━━━━━ DATA EXCERPT

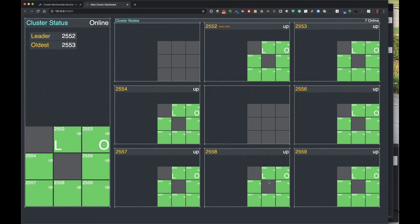These are independent processes running and talking to each other across the network, and this is how the processes coordinate with each other - but they converge on a consistent view of the cluster. On the right-hand side, notice that things have changed: the leader is now on node 2552, the second node in the cluster, so the 'L' shown in the map has moved. Nodes 2551 and 2555 are down, so the leader has moved to 2552 and the oldest has moved to 2553.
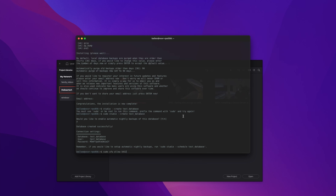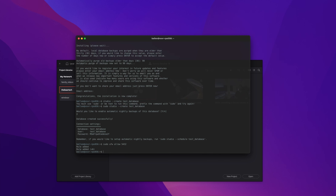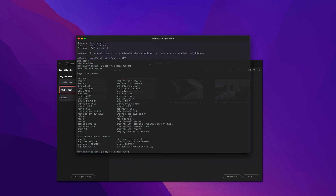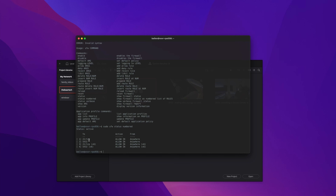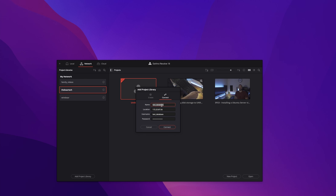I was unable to connect initially because I have a firewall running on this server. We need to allow the PostgreSQL port through the firewall by running: sudo ufw allow 5432. Port 5432 is the default PostgreSQL port. Press Enter, and confirm the rule was added with: sudo ufw status numbered. You should see port 22 for SSH and port 5432 for PostgreSQL now open.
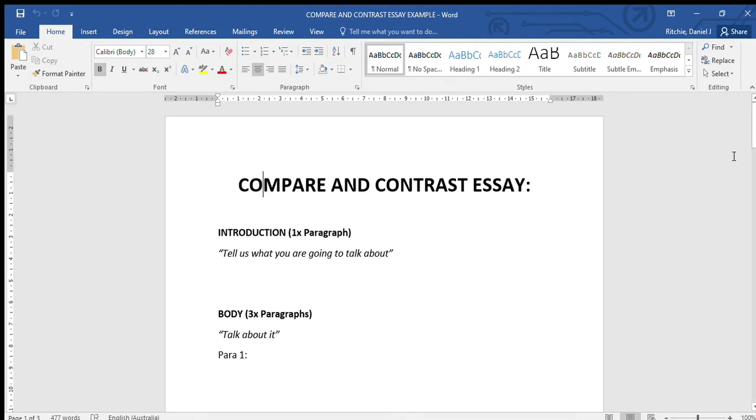Hi guys, today we are looking at the body part of an essay. Specifically, we are looking at a compare and contrast essay. Probably in English or history classes you might have also written persuasive essays or informative essays.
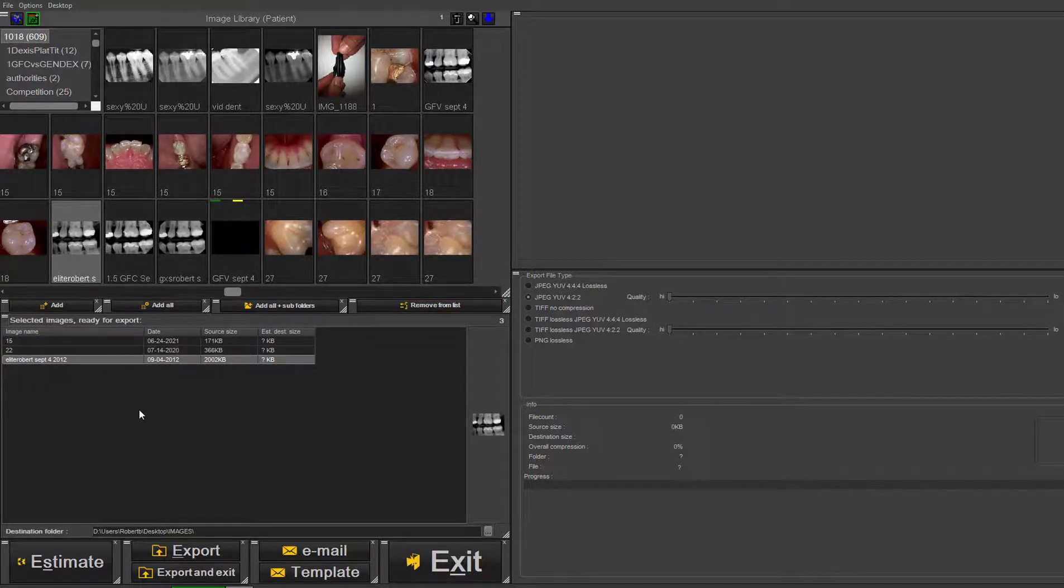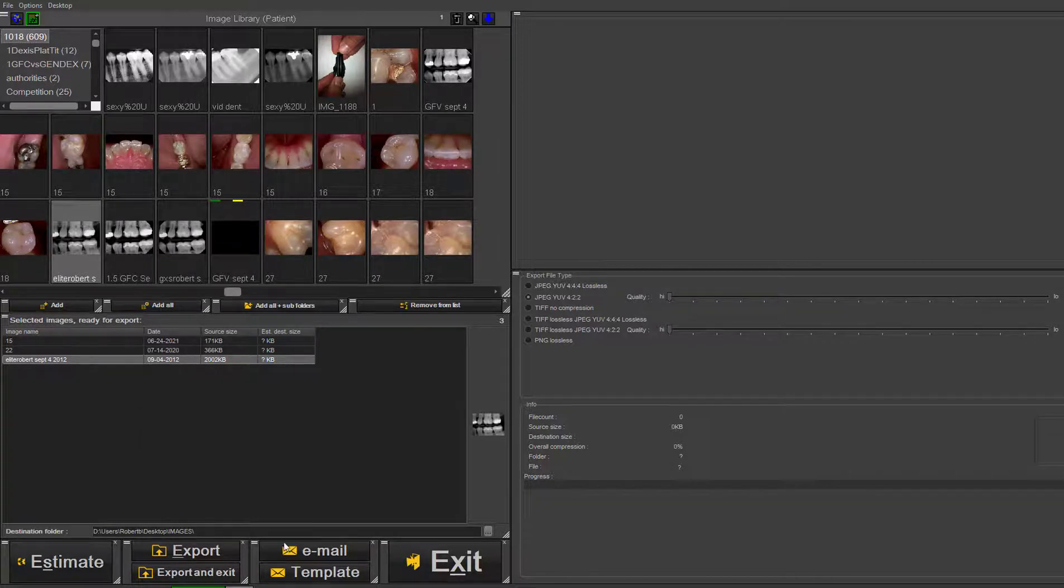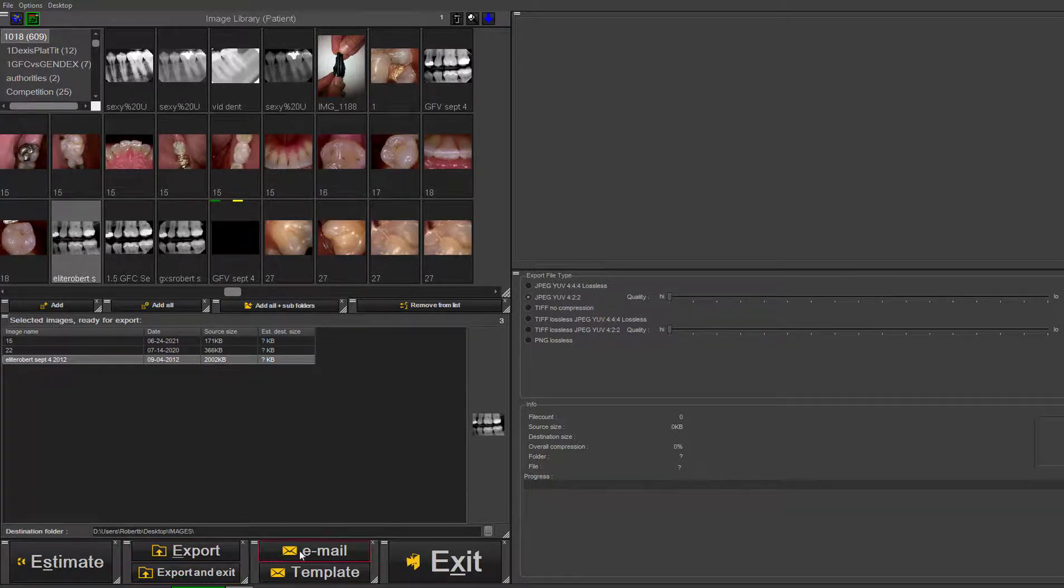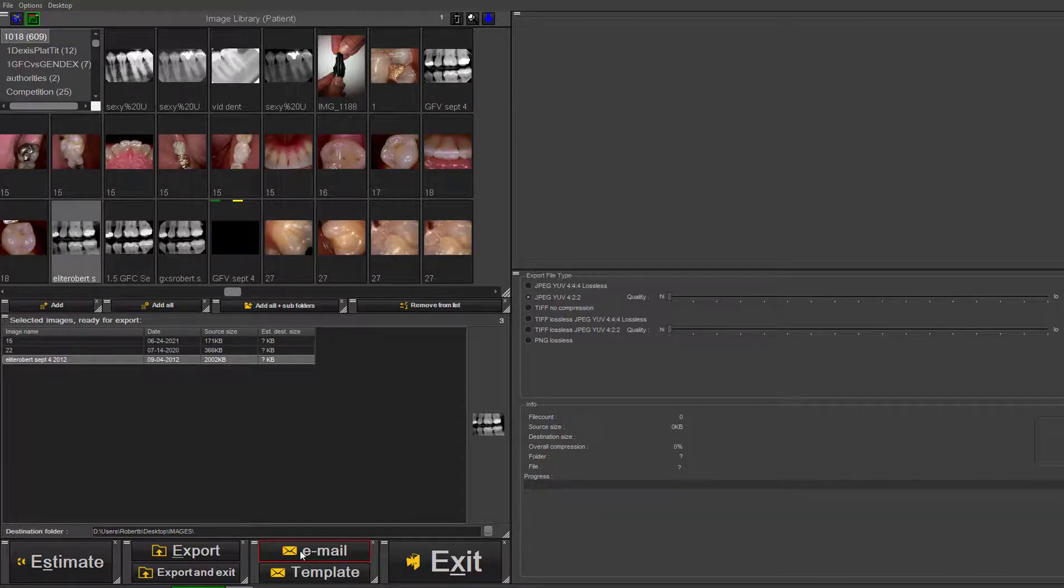If you want to execute the export, all you do is click on 'Export'. You can 'Export and Exit', which will shut down the export window. Once it's done, you can attach it to an email directly or create a template.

━━━━━━━━━━

Repeat each line of the material exactly, please, and skip every picture.

YOUR RESPONSE ::
These are independent processes running and talking to each other across the network, and this is how the processes coordinate with each other - but they converge on a consistent view of the cluster. On the right-hand side, notice that things have changed: the leader is now on node 2552, the second node in the cluster, so the 'L' shown in the map has moved. Nodes 2551 and 2555 are down, so the leader has moved to 2552 and the oldest has moved to 2553.
I was unable to connect initially because I have a firewall running on this server. We need to allow the PostgreSQL port through the firewall by running: sudo ufw allow 5432. Port 5432 is the default PostgreSQL port. Press Enter, and confirm the rule was added with: sudo ufw status numbered. You should see port 22 for SSH and port 5432 for PostgreSQL now open.
Hi guys, today we are looking at the body part of an essay. Specifically, we are looking at a compare and contrast essay. Probably in English or history classes you might have also written persuasive essays or informative essays.
If you want to execute the export, all you do is click on 'Export'. You can 'Export and Exit', which will shut down the export window. Once it's done, you can attach it to an email directly or create a template.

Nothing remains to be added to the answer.